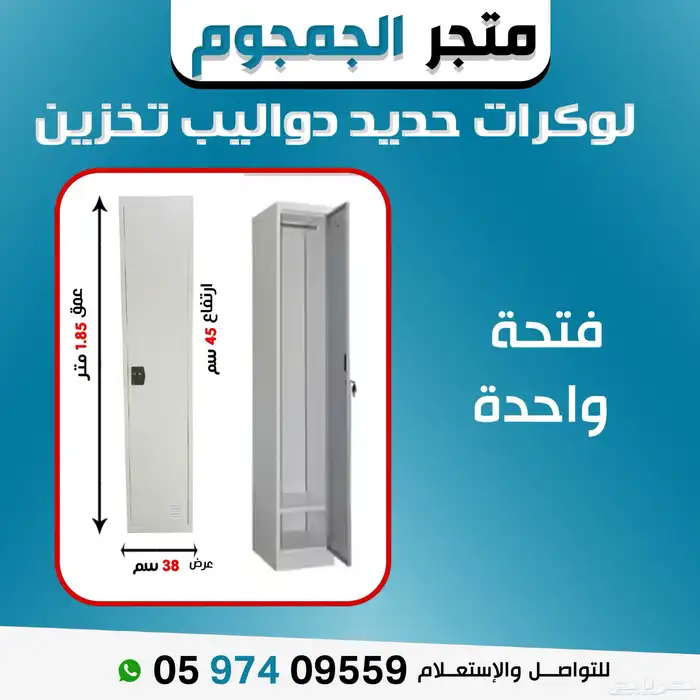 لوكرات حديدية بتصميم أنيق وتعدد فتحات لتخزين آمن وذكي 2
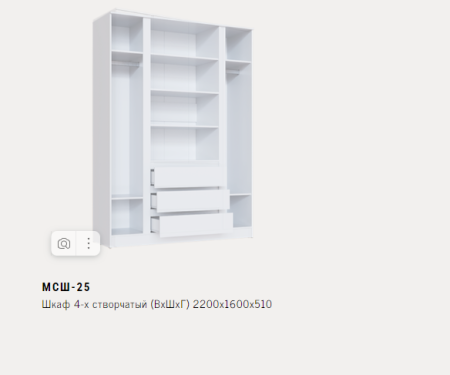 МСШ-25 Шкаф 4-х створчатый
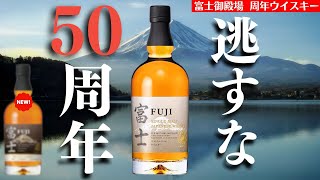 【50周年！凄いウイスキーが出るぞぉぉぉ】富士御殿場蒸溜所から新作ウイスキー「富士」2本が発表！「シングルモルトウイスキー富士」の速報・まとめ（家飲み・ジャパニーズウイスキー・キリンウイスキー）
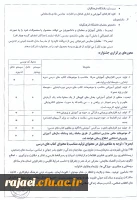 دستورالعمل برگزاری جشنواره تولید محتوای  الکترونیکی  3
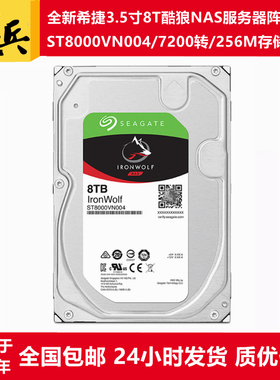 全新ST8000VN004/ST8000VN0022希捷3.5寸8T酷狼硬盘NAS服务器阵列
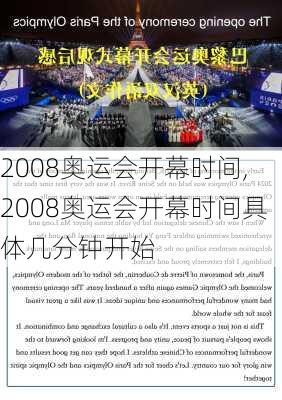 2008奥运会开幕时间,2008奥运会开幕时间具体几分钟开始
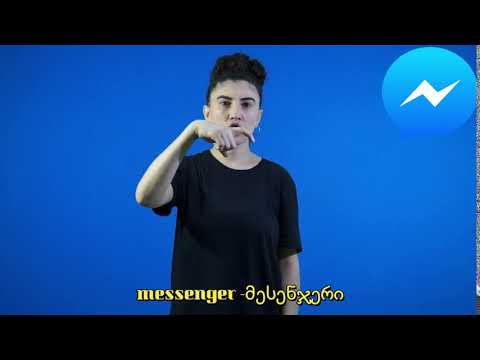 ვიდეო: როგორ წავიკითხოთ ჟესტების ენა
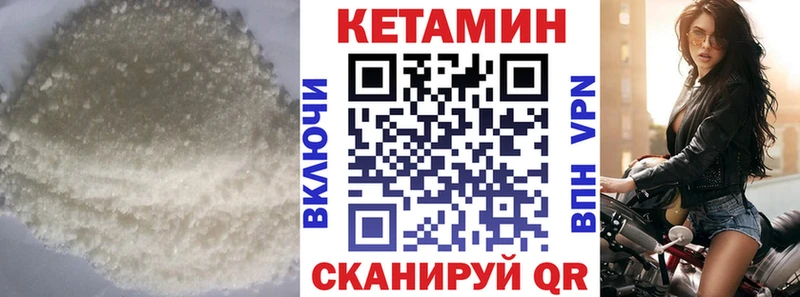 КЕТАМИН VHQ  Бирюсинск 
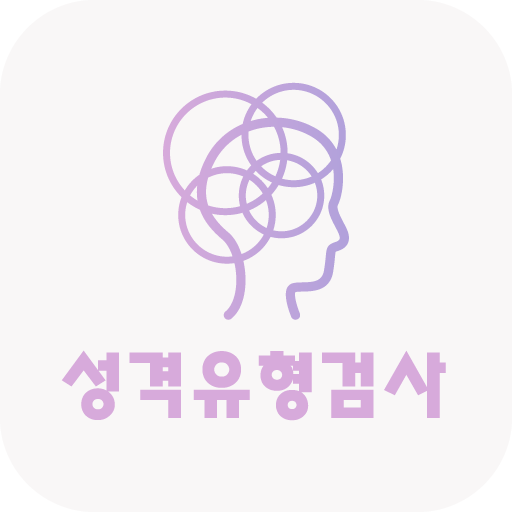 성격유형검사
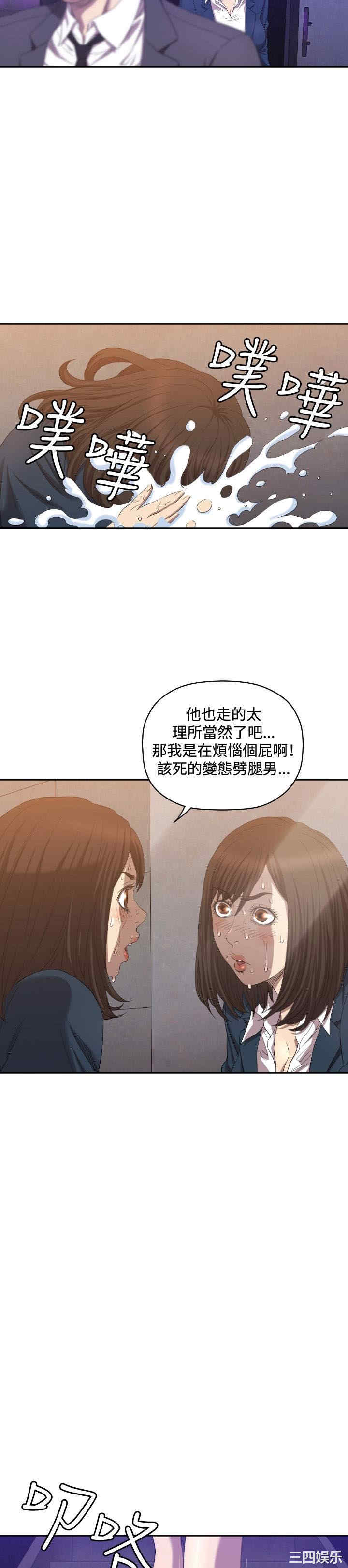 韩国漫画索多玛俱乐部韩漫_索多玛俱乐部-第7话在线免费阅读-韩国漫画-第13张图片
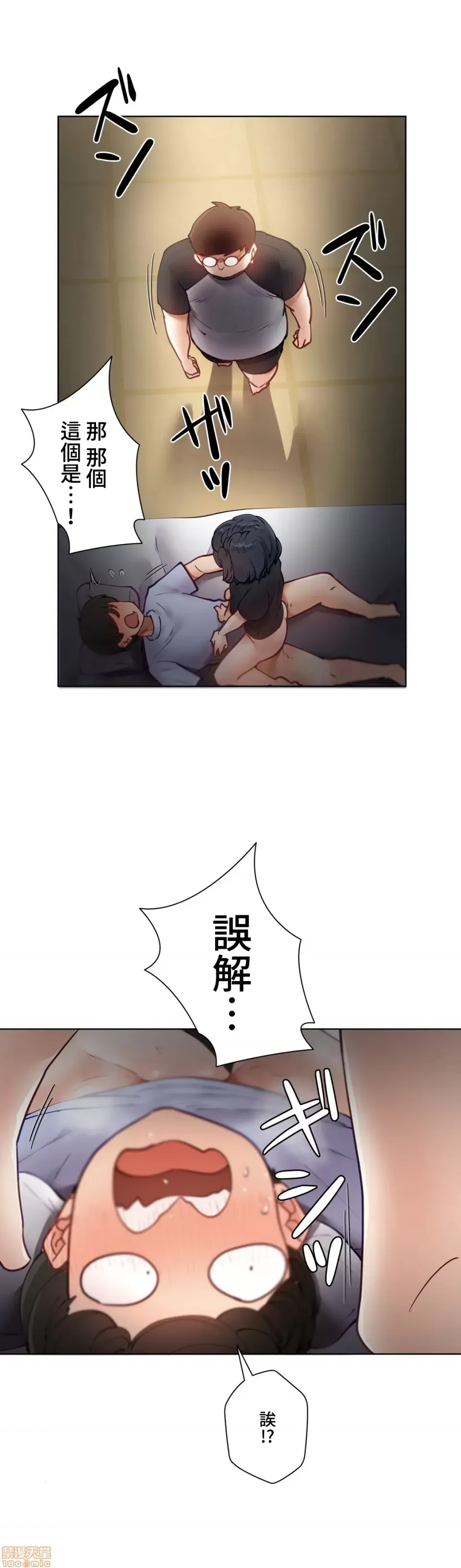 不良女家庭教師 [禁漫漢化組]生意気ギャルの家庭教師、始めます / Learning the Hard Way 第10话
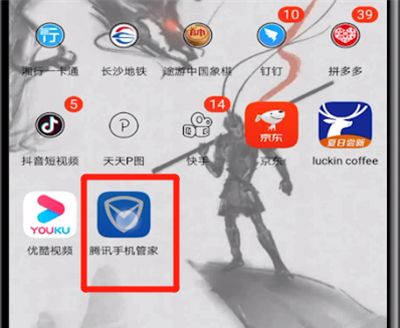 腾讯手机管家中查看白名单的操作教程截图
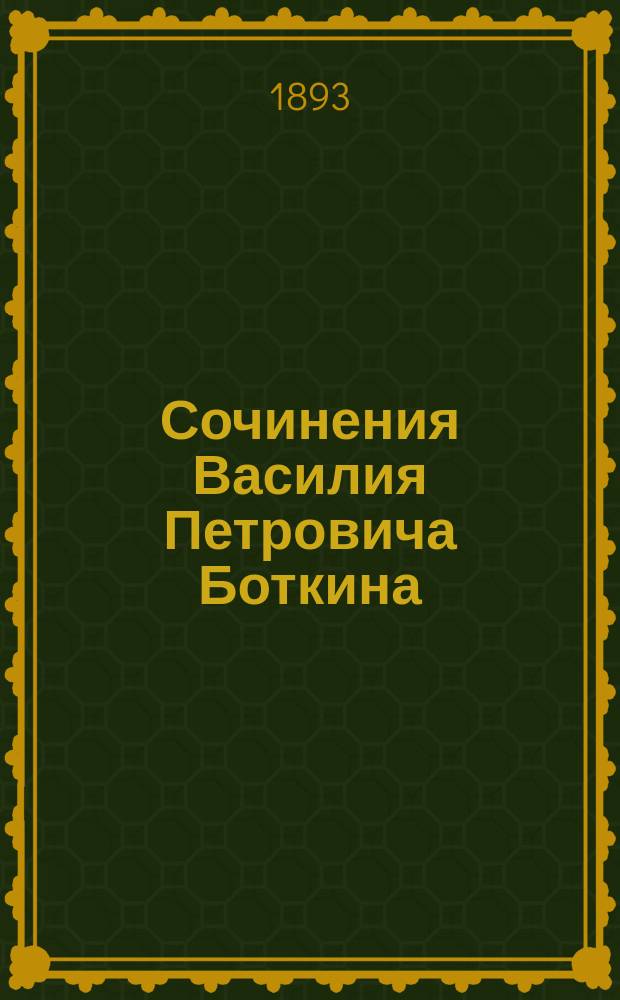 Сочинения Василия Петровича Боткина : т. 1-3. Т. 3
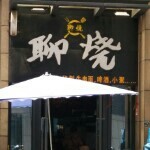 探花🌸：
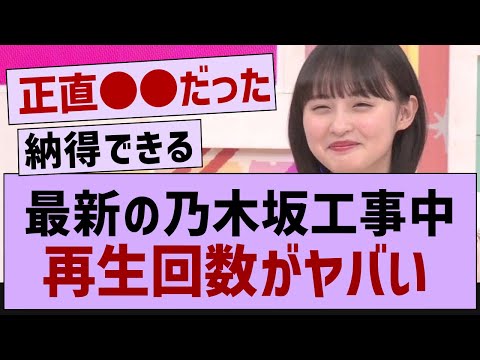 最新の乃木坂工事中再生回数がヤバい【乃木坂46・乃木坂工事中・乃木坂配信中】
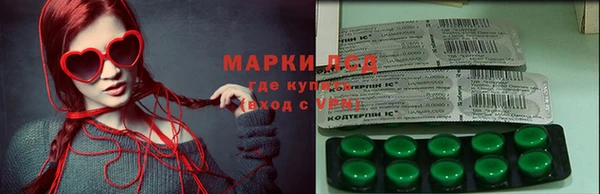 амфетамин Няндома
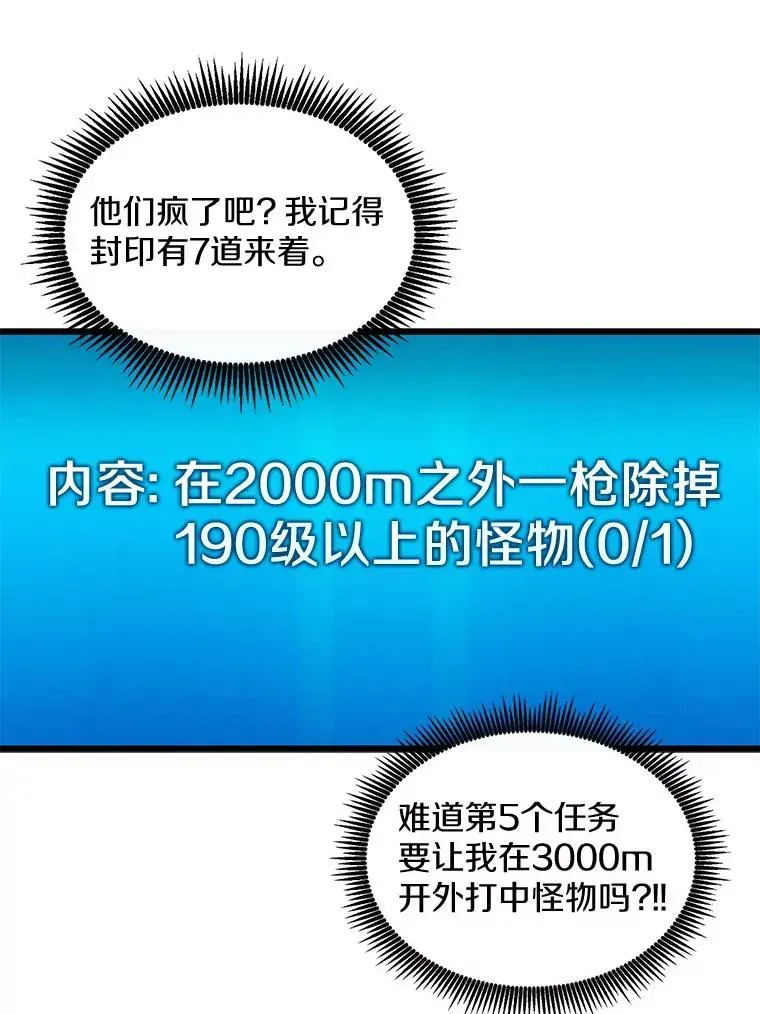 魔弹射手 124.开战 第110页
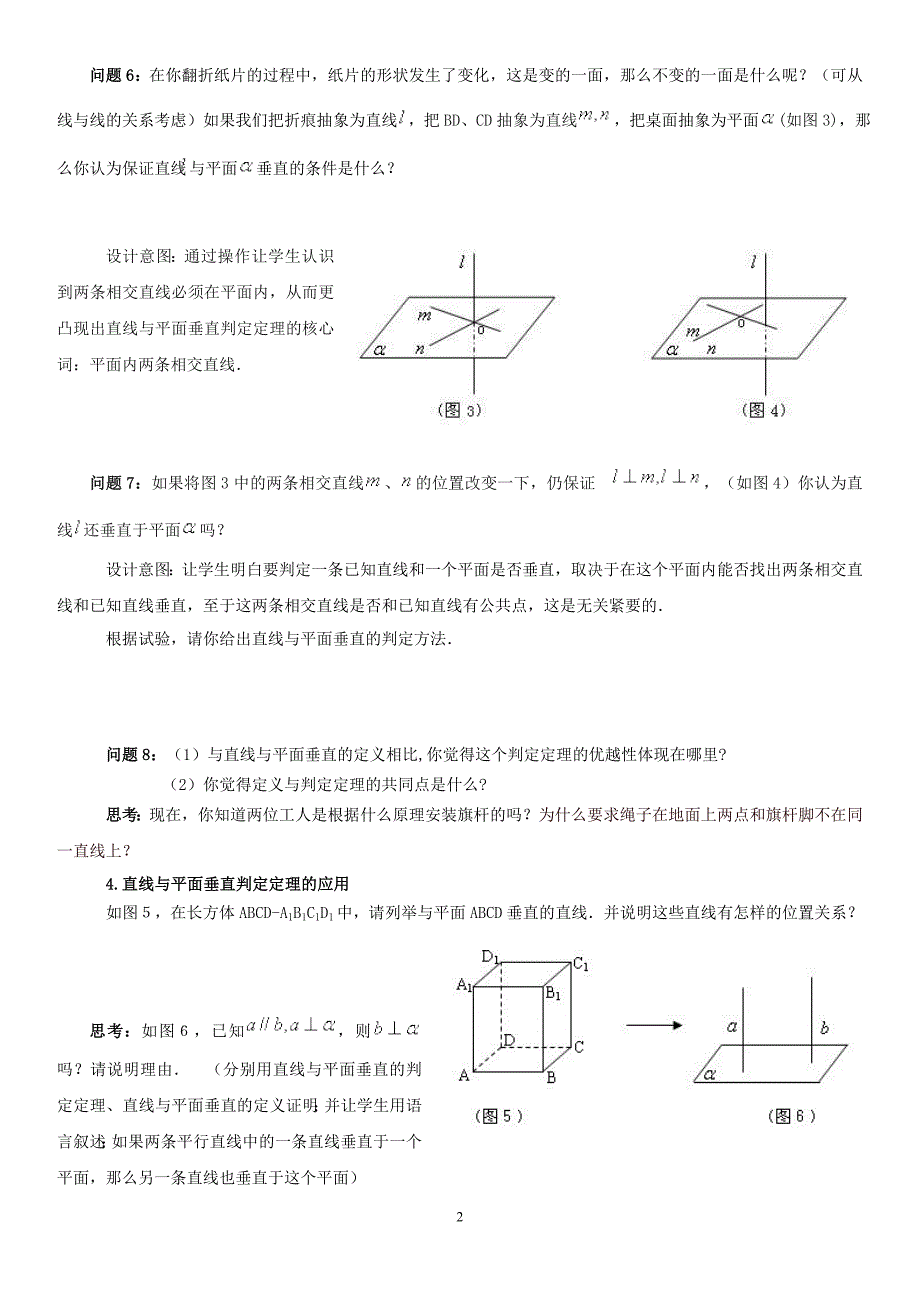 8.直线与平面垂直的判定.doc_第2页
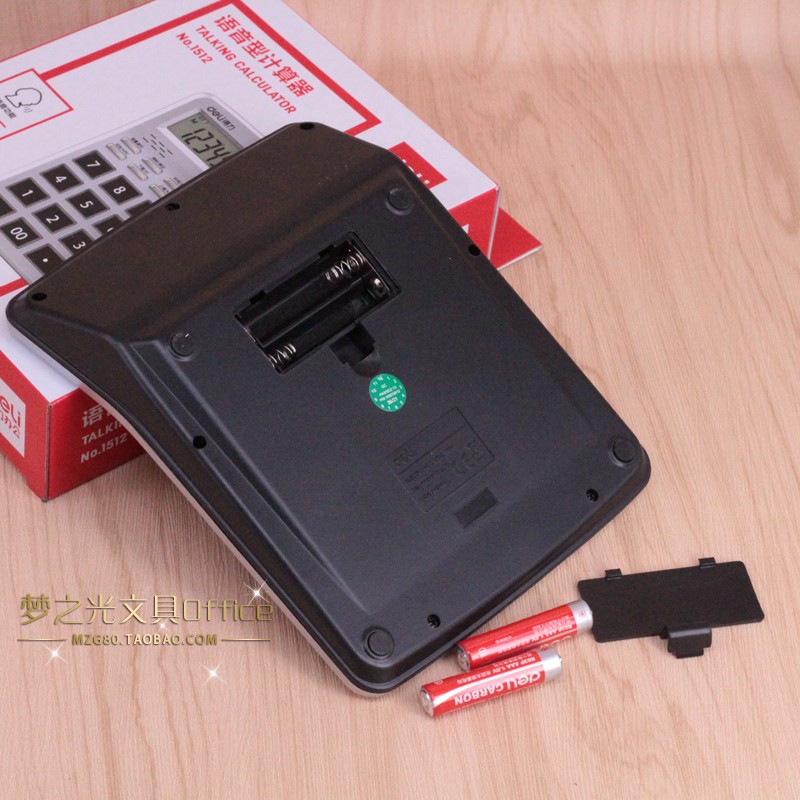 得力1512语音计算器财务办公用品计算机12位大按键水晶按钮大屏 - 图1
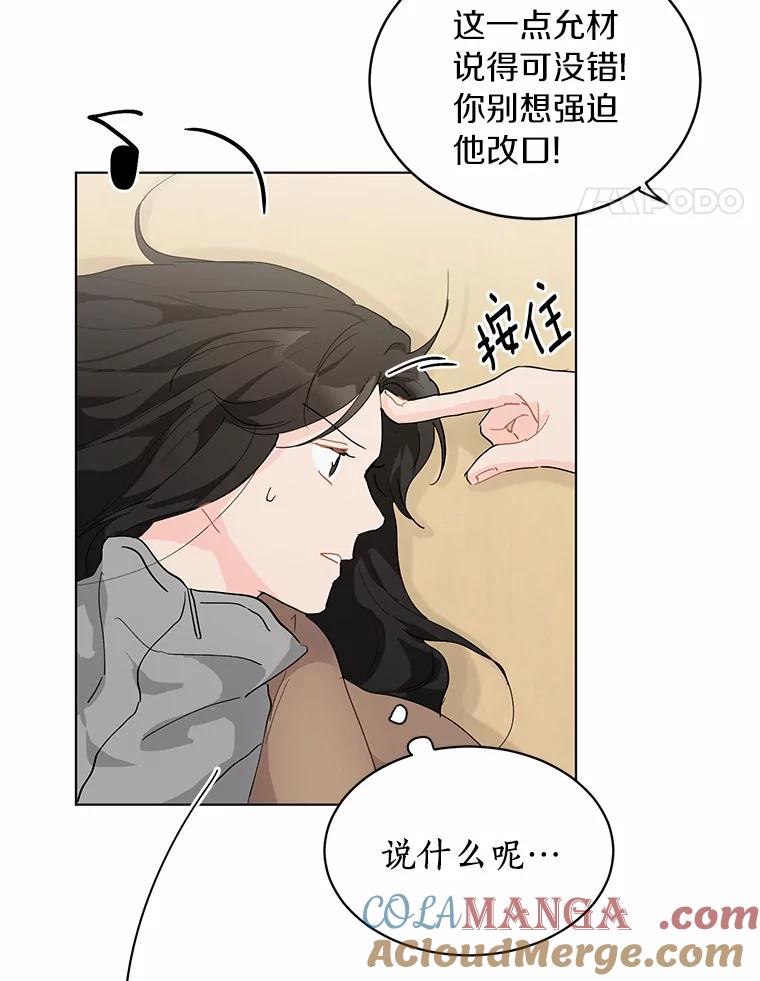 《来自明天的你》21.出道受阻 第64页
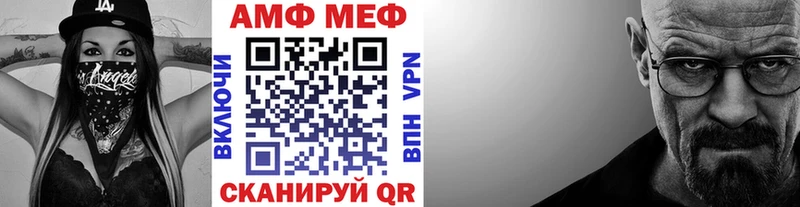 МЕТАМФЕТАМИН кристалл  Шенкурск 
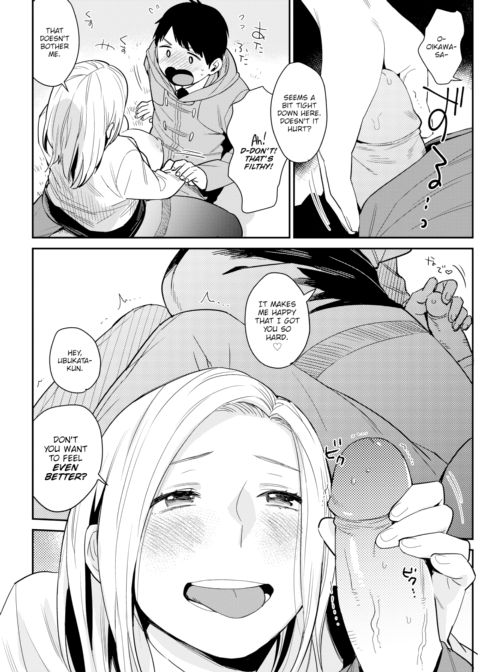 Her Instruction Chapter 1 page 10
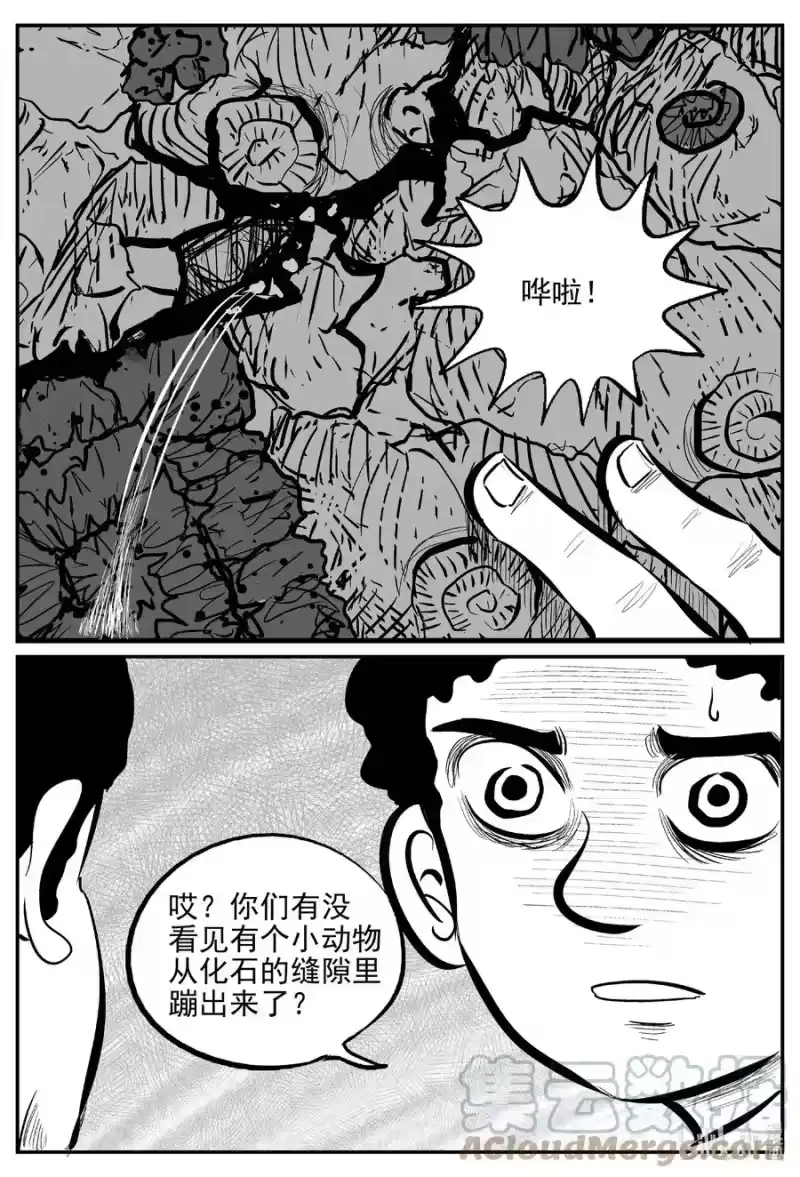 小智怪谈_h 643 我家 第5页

Problem to work on:
Return the listing exactly as it appears, excluding any image.

Answer space:
 لوكرات حديدية بتصميم أنيق وتعدد فتحات لتخزين آمن وذكي 2
 МСШ-25 Шкаф 4-х створчатый
 【50周年！凄いウイスキーが出るぞぉぉぉ】富士御殿場蒸溜所から新作ウイスキー「富士」2本が発表！「シングルモルトウイスキー富士」の速報・まとめ（家飲み・ジャパニーズウイスキー・キリンウイスキー）
 دستورالعمل برگزاری جشنواره تولید محتوای  الکترونیکی  3
 全新ST8000VN004/ST8000VN0022希捷3.5寸8T酷狼硬盘NAS服务器阵列
 2008奥运会开幕时间,2008奥运会开幕时间具体几分钟开始
 ვიდეო: როგორ წავიკითხოთ ჟესტების ენა
 КЕТАМИН VHQ  Бирюсинск 
 성격유형검사
 韩国漫画索多玛俱乐部韩漫_索多玛俱乐部-第7话在线免费阅读-韩国漫画-第13张图片
 不良女家庭教師 [禁漫漢化組]生意気ギャルの家庭教師、始めます / Learning the Hard Way 第10话
 腾讯手机管家中查看白名单的操作教程截图
 Сочинения Василия Петровича Боткина : т. 1-3. Т. 3
 探花🌸：
 最新の乃木坂工事中再生回数がヤバい【乃木坂46・乃木坂工事中・乃木坂配信中】
 амфетамин Няндома
 魔弹射手 124.开战 第110页
 8.直线与平面垂直的判定.doc_第2页
 得力1512语音计算器财务办公用品计算机12位大按键水晶按钮大屏 - 图1
 《来自明天的你》21.出道受阻 第64页
 МЕТАМФЕТАМИН кристалл  Шенкурск 
 Her Instruction Chapter 1 page 10
 小智怪谈_h 643 我家 第5页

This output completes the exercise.